À l’inverse, l’idée d’une « dignité » ou de « valeurs » imposées comme des absolus, souvent invoquées pour justifier des actions violentes ou oppressives, ne résiste pas à l’examen.
L’histoire montre que ces notions n’ont jamais empêché les conquêtes, l’exploitation ou les massacres, même de la part de ceux qui s’en réclamaient.
Le pragmatisme, en revanche, nous invite à considérer que le progrès réside dans la capacité de chacun à tirer le meilleur parti de cette unique vie terrestre, tout en aidant les autres à faire de même.
Selon Bunge avec lequel je suis d’accord, si X représente une chose, une propriété d’une chose ou un processus à l’intérieur d’une chose et C une circonstance (naturelle, sociale…), alors X peut être considéré comme :
- Une valeur primaire pour tout les membres de l’espèce humaine si X contribue à satisfaire au moins à un besoin primaire (accès à l’eau, la nourriture…) de tous les membres de l’espèce considérée dans les circonstances C – la satisfaction de ce besoin primaire étant nécessaire pour rester en vie – (valeur universelle d’un point de vue épistémologique)
- Une valeur secondaire pour tout les membres de l’espèce humaine si X contribue à satisfaire au moins à un besoin secondaire de tous les membres de l’espèce considérée dans les circonstances C – la satisfaction de ce besoin secondaire étant nécessaire pour se maintenir en bonne santé ou pour guérir. (Valeur universelle d’un point de vue épistémologique)

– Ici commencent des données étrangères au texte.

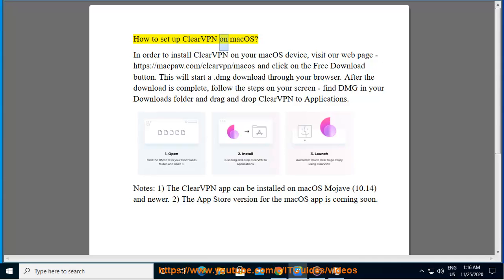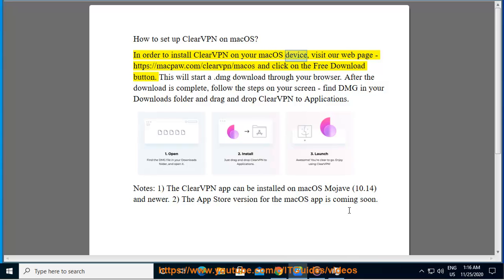How to set up ClearVPN on macOS. In order to install ClearVPN on your macOS device, visit our web page.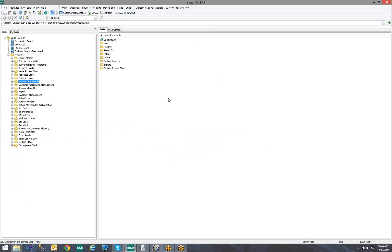So today we covered how to add a task or a shortcut to a program to the Sage 100 Toolbar. Please watch our other videos you may find on YouTube or through links on our website. And thank you for watching. Have a great day.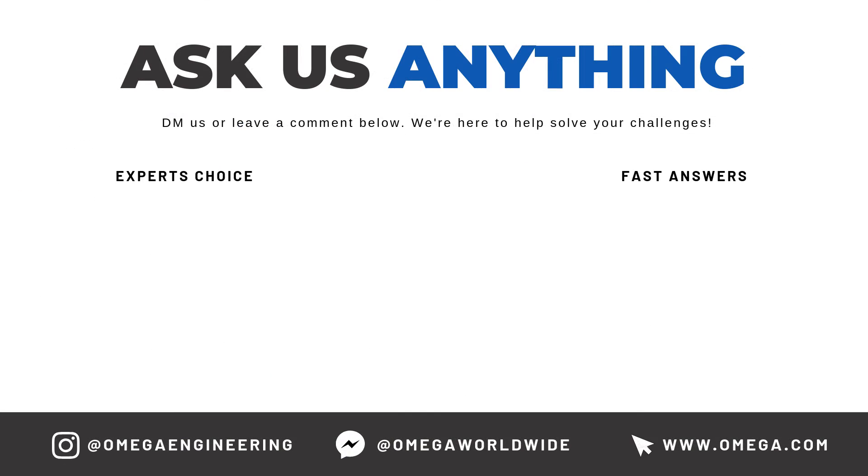And there you have it. If you still have questions, feel free to call or chat online at omega.com. Thanks for watching and be sure to like and subscribe.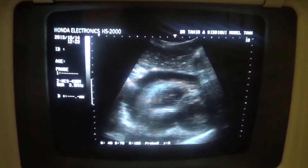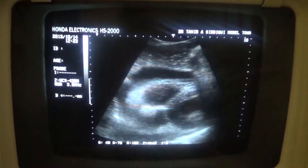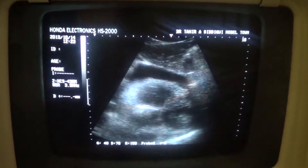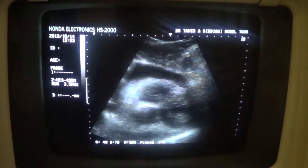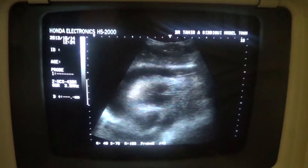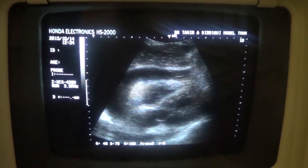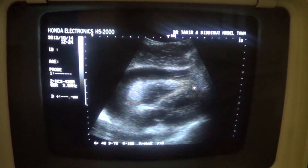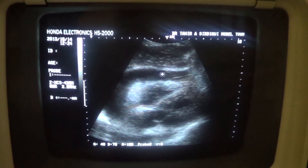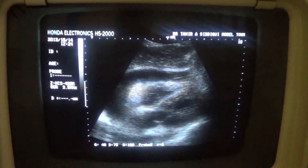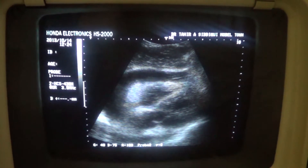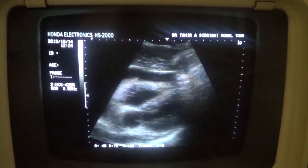I am showing you a sub-costal view in which you can see the heart, its chambers. Heart size is normal, chambers are normal. What we are finding — what we see — is fluid in the pericardial space. This is the heart, and this black strip is the fluid in the pericardial space. So this is the case of pericardial effusion.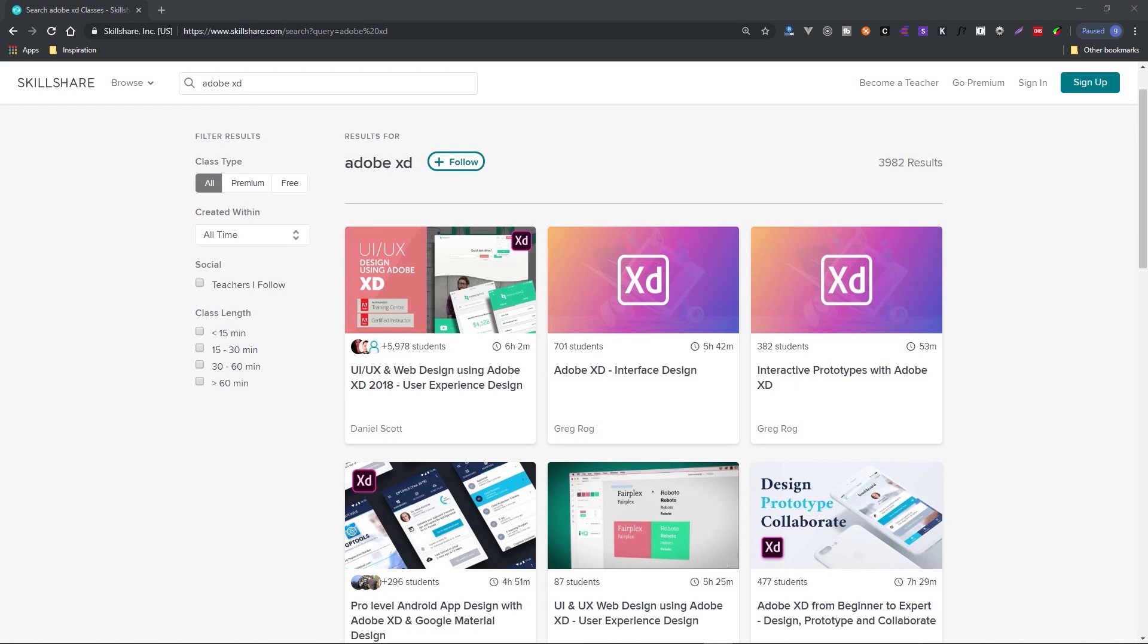For instance, you're about to watch my Adobe XD video, but you could watch these full Adobe XD courses at Skillshare. Skillshare is also super affordable with an annual subscription being less than 10 bucks a month. But if you're one of the first 500 people to click on the link here in the description, then you get the first two months 100% free. So join up.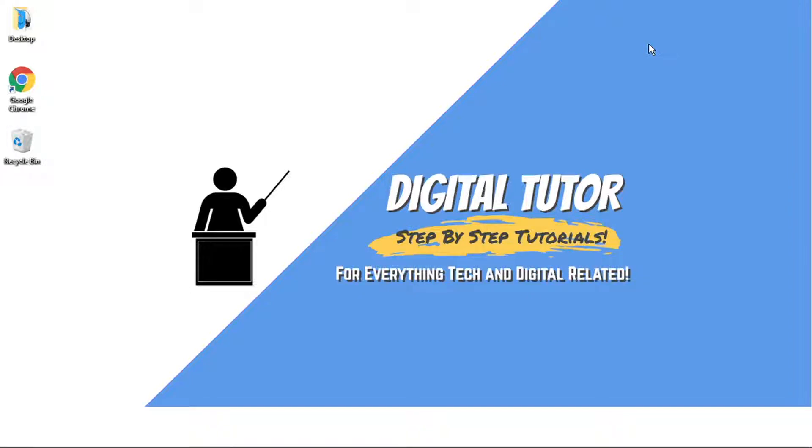Hi guys what's going on, it's the digital tutor here with another step-by-step tutorial. In today's video I'm just going to show you how to hide what game you're playing on Steam.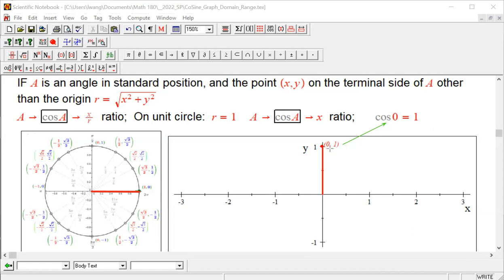Make sure you understand this picture we are about to make: it is radian input versus output. Input is the angle; output is the ratio. So let's look at the second point: pi over 6.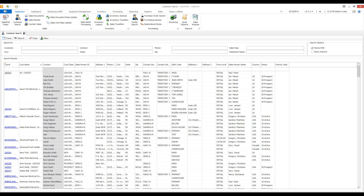Hi, this is Brandon from SalesPad. Today I'm going to do a short video on SalesPad grids. What you see on my screen right now is our main grid on the customer search screen — this is what we call our SalesPad grid.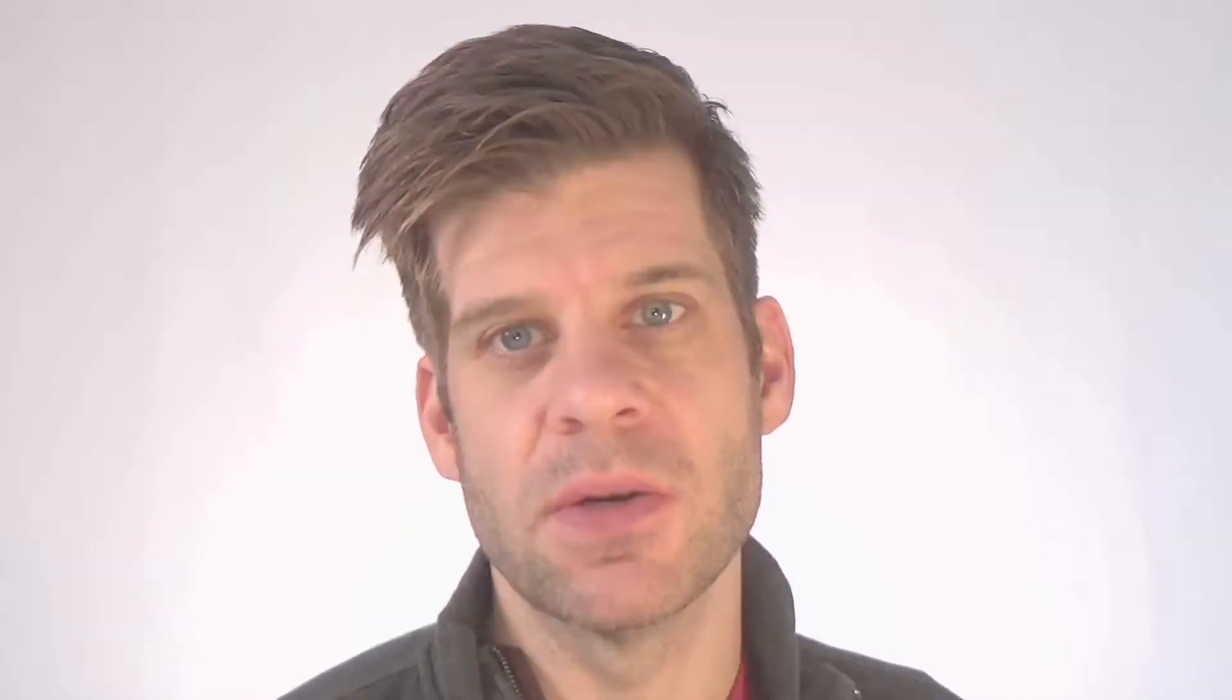The stitches tab holds the expanded stitches information so it can display the length of the stitches as well as the individual needle penetrations. The navigator shows you your view window and then the design checker allows you to look through your design and if anything's a little questionable it may flag it so that you can address it before it ever gets to your machine.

- Une valeur tertiaire pour certains membres d’une espèce dans les circonstance C lorsque la chose, la propriété de la chose ou le processus à l’intérieur de la chose contribue à satisfaire au moins un intérêt légitime, des aspirations de certains membres de l’espèce dans les circonstance C, l’intérêt étant défini comme légitime si sa satisfaction ne porte pas atteinte à la satisfaction des besoins primaires et secondaires d’autres membres de l’espèce.

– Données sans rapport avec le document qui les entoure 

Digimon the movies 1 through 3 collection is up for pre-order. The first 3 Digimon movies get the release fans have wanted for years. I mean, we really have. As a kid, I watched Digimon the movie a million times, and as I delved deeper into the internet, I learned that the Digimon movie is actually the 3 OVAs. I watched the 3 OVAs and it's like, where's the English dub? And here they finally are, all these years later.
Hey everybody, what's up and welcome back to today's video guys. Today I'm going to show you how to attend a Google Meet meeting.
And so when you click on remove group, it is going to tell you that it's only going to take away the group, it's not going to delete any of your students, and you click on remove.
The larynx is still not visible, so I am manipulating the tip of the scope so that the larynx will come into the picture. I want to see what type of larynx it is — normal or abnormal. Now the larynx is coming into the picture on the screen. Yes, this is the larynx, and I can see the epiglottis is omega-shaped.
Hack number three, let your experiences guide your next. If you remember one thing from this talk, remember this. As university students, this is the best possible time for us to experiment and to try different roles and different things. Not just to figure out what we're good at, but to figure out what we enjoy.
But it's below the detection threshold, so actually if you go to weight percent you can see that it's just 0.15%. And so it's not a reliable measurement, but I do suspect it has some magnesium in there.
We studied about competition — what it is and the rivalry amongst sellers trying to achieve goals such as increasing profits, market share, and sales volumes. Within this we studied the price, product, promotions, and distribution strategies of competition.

Karl Popper, lui, nous rappelle une vérité essentielle :
« Plutôt que lutter contre des valeurs dites supérieures, l’homme politique devrait se contenter de combattre les maux existants et de réduire les malheurs évitables ».
En adoptant la terminologie de l’immense Mario Bunge, on comprend que toute tentative d’imposer des valeurs devient illégitime dès lors qu’elle sacrifie les besoins primaires ou secondaires d’autrui, ce que le mouvement néoconservateur américain a toujours eu de la peine à comprendre.

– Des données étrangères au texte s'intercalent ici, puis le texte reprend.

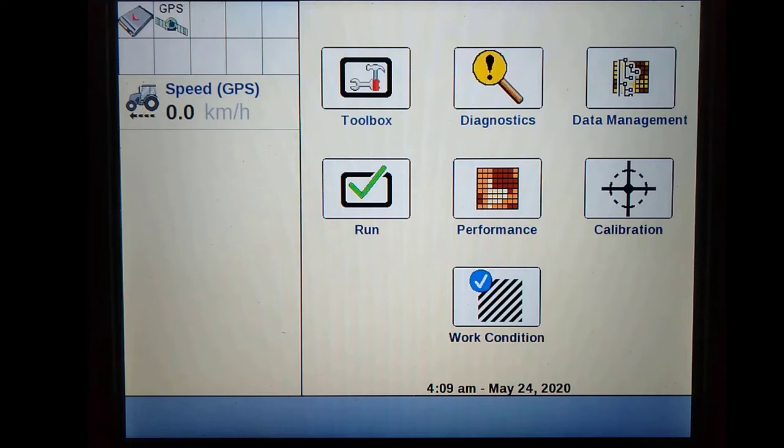First, we must confirm that our current receiver is unlocked for RTK, that the RTK modem has a valid data plan, and that you have an active NTRIP or CORS network subscription.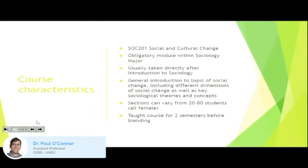To give a little bit of background to the course: it's Sociology, SOC201 Social and Cultural Change. It's an obligatory module within the Sociology major and it's usually taken directly after Introductory Sociology. Most students do the 101 Introduction to Sociology and then of the 200 courses this one is usually the next one they do. So it's a fairly basic course — a general introduction to the topic of social change.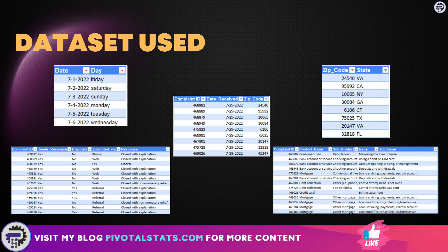The fourth table is the dimension table for product, which contains the product name and some sub-product names. The final dimension table is for state, which contains the zip code and the state code against those zip codes. What we have to do is connect all of them in a star schema format and utilize that schema to create a pivot table which can utilize any column from any of these tables.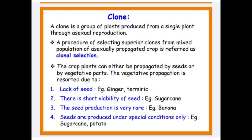The crops planted can either be propagated by seeds or by vegetative parts. Vegetative propagation is resorted to due to: 1. Lack of seeds, e.g. ginger and turmeric. 2. Short viability of seeds, e.g. sugarcane. 3. Seed production being very rare, e.g. banana. 4. Seeds produced under special conditions only, e.g. sugarcane and potato.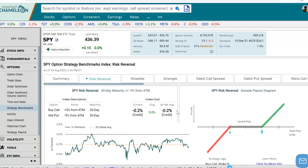Hey everyone, this is Dimitri Progamonic with MarketChameleon.com. In this video, I'm going to demonstrate how you could look up a stock's risk reversal cost by using a benchmark for that option strategy. We're going to use SPY in this example.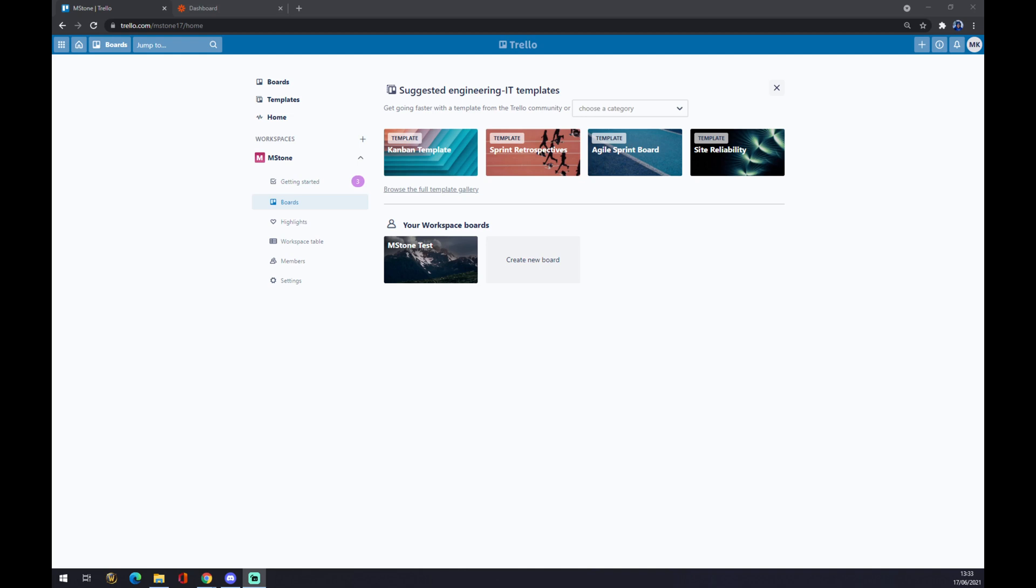Hello guys, my name is Matthew and in today's video I'm going to show you how you can integrate Trello with Google Sheets. First of all, we have to create our account at trello.com.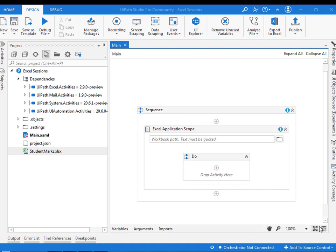Hello everyone. In this session we are going to learn about lookup range activity. Lookup range activity is a kind of search activity that we are going to do in Excel.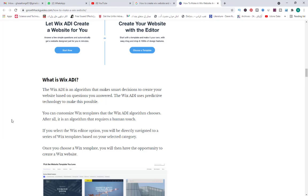You can customize Wix templates. If you select the Wix Editor option, you will be directly navigated to a series of Wix templates based on your selected category. Once you choose a Wix template, you will then have the opportunity to create a Wix website.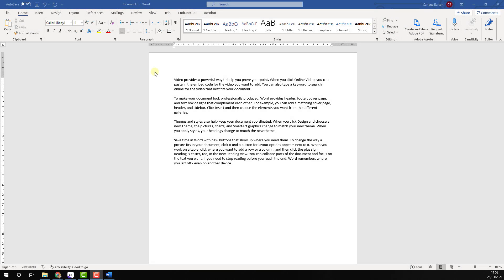Changing your referencing style in Microsoft Word using EndNote 20. From the ribbon, select the EndNote 20 tab.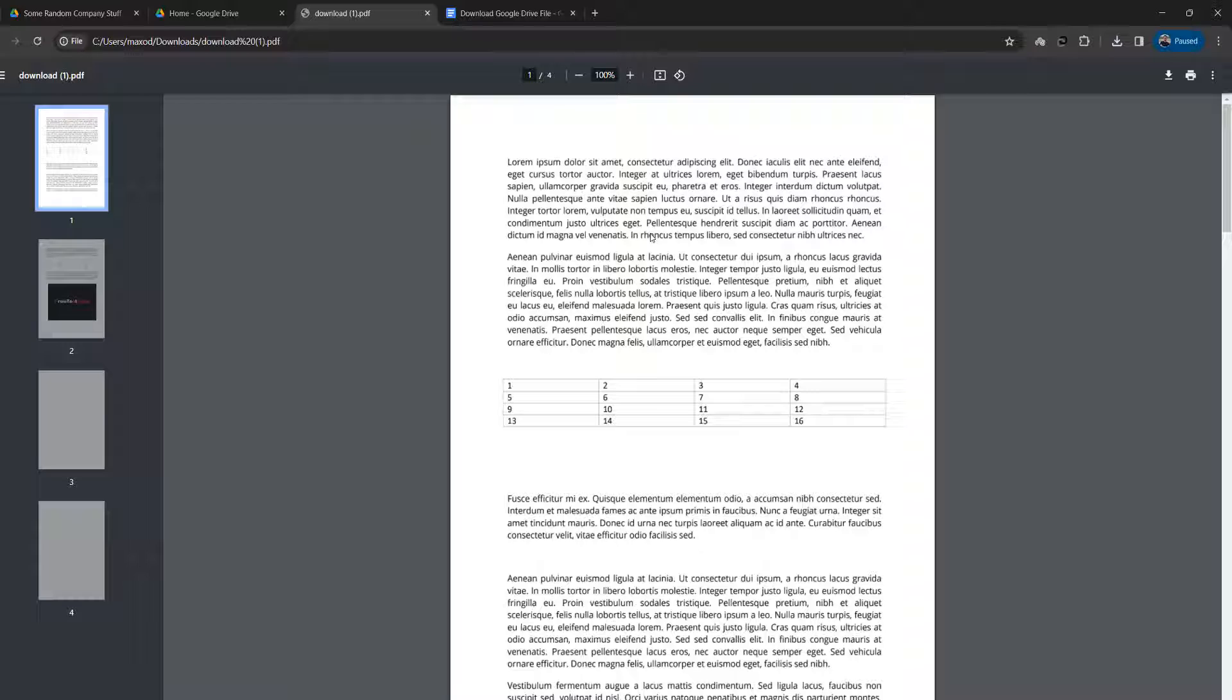This JavaScript code essentially converts each page of the PDF on the Google Drive to an image and then creates a new PDF with each image having its own page. So you won't be able to copy and paste the text or do any finding of text.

Prenons un exemple brûlant : la guerre en Ukraine.
Lorsqu’elle est justifiée au nom de « valeurs » – démocratie, souveraineté, liberté –, finit paradoxalement par piétiner les valeurs primaires les plus fondamentales : la vie, la sécurité, la paix.
Cette inversion tragique caractérise notre époque.
Nous élevons des désirs ou des intérêts, souvent illégitimes au sens de Bunge, au rang de « valeurs supérieures », tout en reléguant les besoins vitaux – nourriture, abri, santé – au second plan.
Notre époque a réellement inversé les valeurs, en refusant de voir dans les valeurs primaires des valeurs supérieures et en voyant dans des intérêts, des aspirations et des désirs idiosyncratiques, des valeurs supérieures.
Il est temps de revenir à une éthique pragmatique, ancrée dans la biologie et la raison.
Les valeurs ne sont pas des idoles à vénérer, mais des outils au service de la vie.
C’est seulement en cessant de sacraliser des abstractions, que nous pourrons recentrer nos efforts sur ce qui compte vraiment : permettre à chaque être humain de vivre, de prospérer et de contribuer au bien commun, dans le respect des besoins fondamentaux de tous.